Burmese Burials
The Burmese are very philosophical. They have no belief in another life; but they make the most of this one. They take everything very easily—everything but death; they hate to die. That is natural on the part of a people who enjoy life so thoroughly, and who live in such a pleasant, sunny land. I have seen a Burmese funeral train in a gale of merriment, but I have never seen a Burmese man or woman who was willing to die. They are not afraid of death; but they are unutterably saddened by it. The Burmese are a tender-hearted, affectionate race, and the most affecting deathbed parting I ever saw was between a Burmese man and his dying mother.
A Burmese village burns; the entire property—all the belongings of the inhabitants, are destroyed. The men set to work and build a theatre on the smouldering ruins; the women gather plantains from the nearest tree, until their silk tameins are full; the pretty Burmese children climb the trees and drop the yellow fruit down into their pretty mothers’ out-held garments; the men complete the impromptu theatre while the women roast the fruit. Then they eat, and wash their meal down with brook-water, with laughter, and with song; then they bathe their hands and lips in the nearest stream, which is sure not to be far away; then they have a theatrical performance; and so console themselves for the loss of their homes and their little earthly all. But, for the loss of a relative or a close friend they are never consoled. They grieve quietly—which is very un-Eastern—but they grieve persistently.
When a Burmese dies, messengers are at once sent to all his friends, no matter how far off those friends live. And all the friends hasten to bid farewell to the body, to arrange for the funeral, and to console—as best they may—the bereaved family. All the expenses of a Burmese funeral are met by voluntary gifts.
I have often thought the Burmese the cleanest people on earth; certainly they are the cleanest people in the East. They wash their dead with great care, and several times. The last water used is scented. The Burmese do not believe in immortality, and yet, like all of us who are disbelievers, in whatever part of the world we live, they fight their own unbelief, and, when death touches their near and dear, they indulge their hurt hearts with many a little ceremony inconsistent with their scepticism. For instance, they place in the mouth of their dead a little coin called “ferry hire.” They believe, or try to believe, that death is a river, and that the waterman requires pay. How the superstitions of the world repeat themselves! How the Greek imagination dominates the imaginations of all the gentler peoples.

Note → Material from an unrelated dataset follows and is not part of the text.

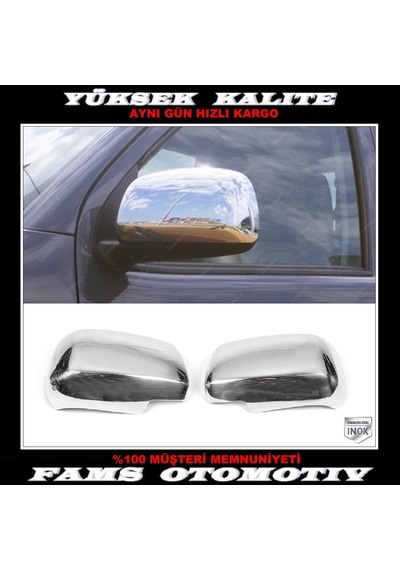 Toyota Uyumlu Hilux Krom Ayna Kapağı 2 Prç 2005-2015 Arası P.çelik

The body is placed on an uncovered bier, which is laid just out of the house door. There it remains for three days; but it is never left alone. Then the body is laid in the coffin. The priests, looking very like copper-coloured Capuchins, come to conduct the dead to its last resting place.
PAGODA NEAR MANDALAY. Page 88.
The funeral procession, unlike those of any other Eastern people, is formed largely of vehicles. The Burmese carts are very odd, and are fittingly picturesque adjuncts to the most graphically beautiful landscape in Asia. The carts are drawn by great, handsome oxen. They have two immense wheels, and an indescribable top. The back of the cart is curved. The Burmese perch themselves on the seat of their native vehicles in some mysterious way.